Pictures in the listing do not belong in the copy, which should repeat exactly the lines from the one holding "MUEBLES FANTASIA - Puff" through the last line.

(LISTED RECORDS)

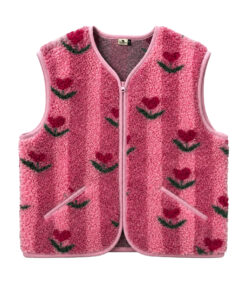 Alwero - Weste "POS" Adult, Biowolle, CHERRY, ultra light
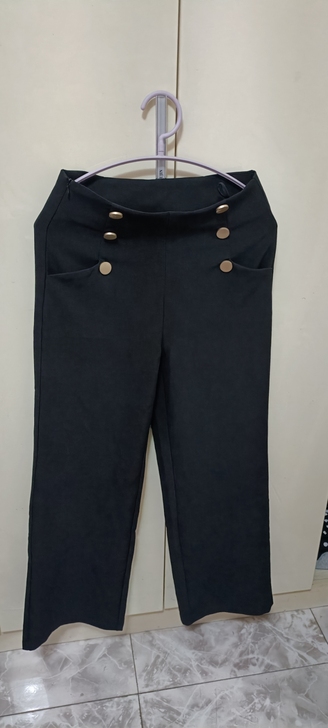 高腰洋气阔腿裤，西装面料，不起球，垂感好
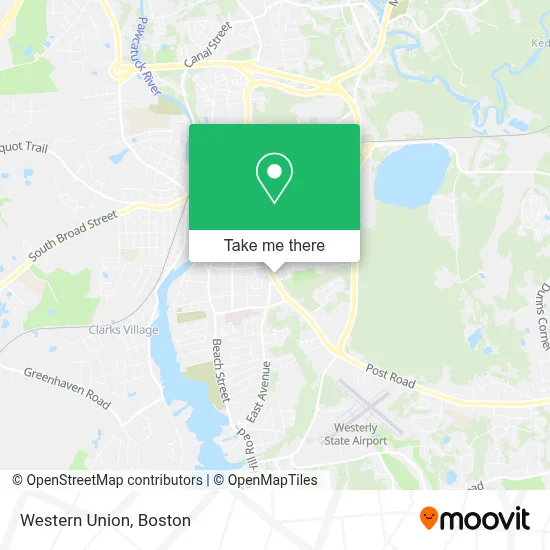 Western Union map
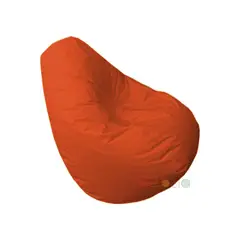 MUEBLES FANTASIA - Puff Pera Lona Mediano Naranja Muebles fantasía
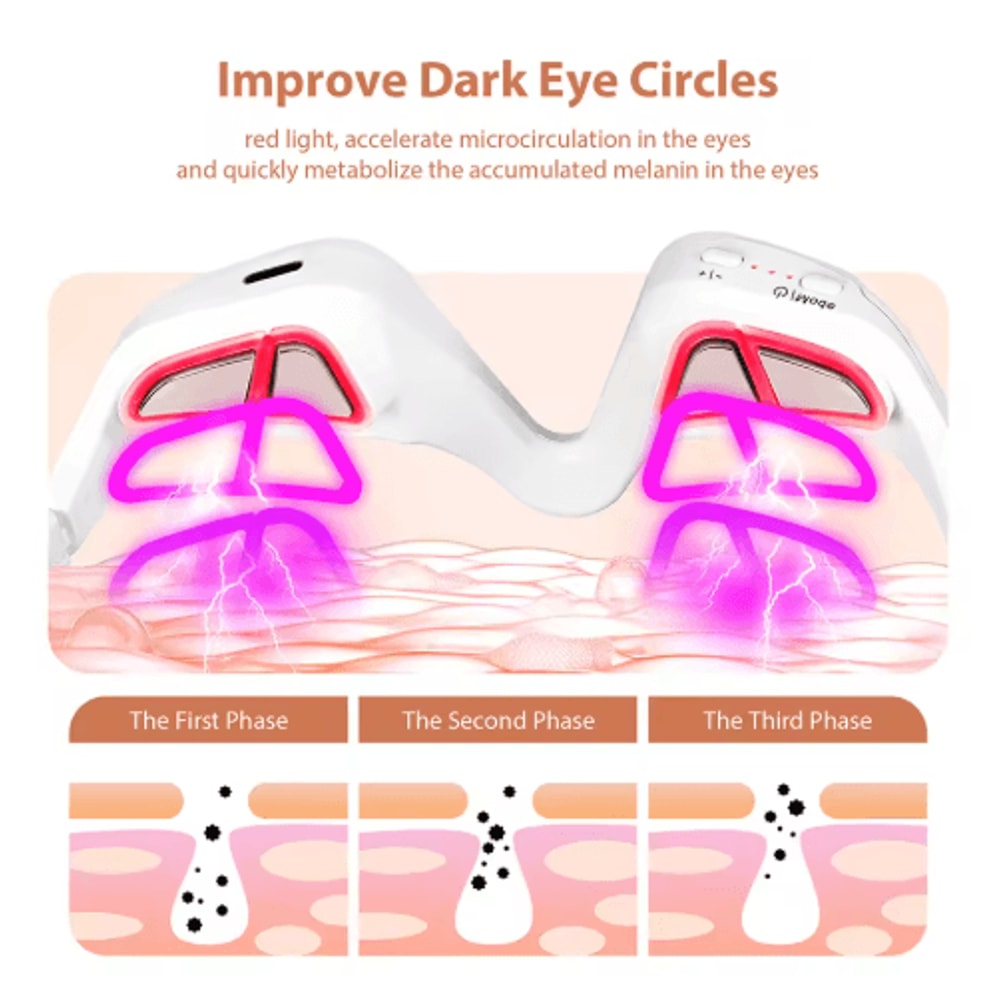 EMS Eye Massager For Dark Circles Fatigue Smart Eye Massager With AntiAging Care 5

(End LISTED RECORDS)

YOUR RESPONSE:
 MUEBLES FANTASIA - Puff Pera Lona Mediano Naranja Muebles fantasía
 EMS Eye Massager For Dark Circles Fatigue Smart Eye Massager With AntiAging Care 5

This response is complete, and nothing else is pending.